DATA FOR THE TASK.
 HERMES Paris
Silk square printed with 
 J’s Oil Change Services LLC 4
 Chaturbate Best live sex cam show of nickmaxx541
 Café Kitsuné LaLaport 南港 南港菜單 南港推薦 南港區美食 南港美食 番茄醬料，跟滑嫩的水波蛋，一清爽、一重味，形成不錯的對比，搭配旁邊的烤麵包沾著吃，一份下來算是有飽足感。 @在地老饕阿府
---
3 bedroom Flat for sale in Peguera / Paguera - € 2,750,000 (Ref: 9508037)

WORK ITEM. Set down only the lines above that fall between the line holding "HERMES Paris" and the line holding "Café Kitsuné LaLaport", inclusive, keeping each exact.

ANSWER TO THE PROBLEM.
 HERMES Paris
Silk square printed with 
 J’s Oil Change Services LLC 4
 Chaturbate Best live sex cam show of nickmaxx541
 Café Kitsuné LaLaport 南港 南港菜單 南港推薦 南港區美食 南港美食 番茄醬料，跟滑嫩的水波蛋，一清爽、一重味，形成不錯的對比，搭配旁邊的烤麵包沾著吃，一份下來算是有飽足感。 @在地老饕阿府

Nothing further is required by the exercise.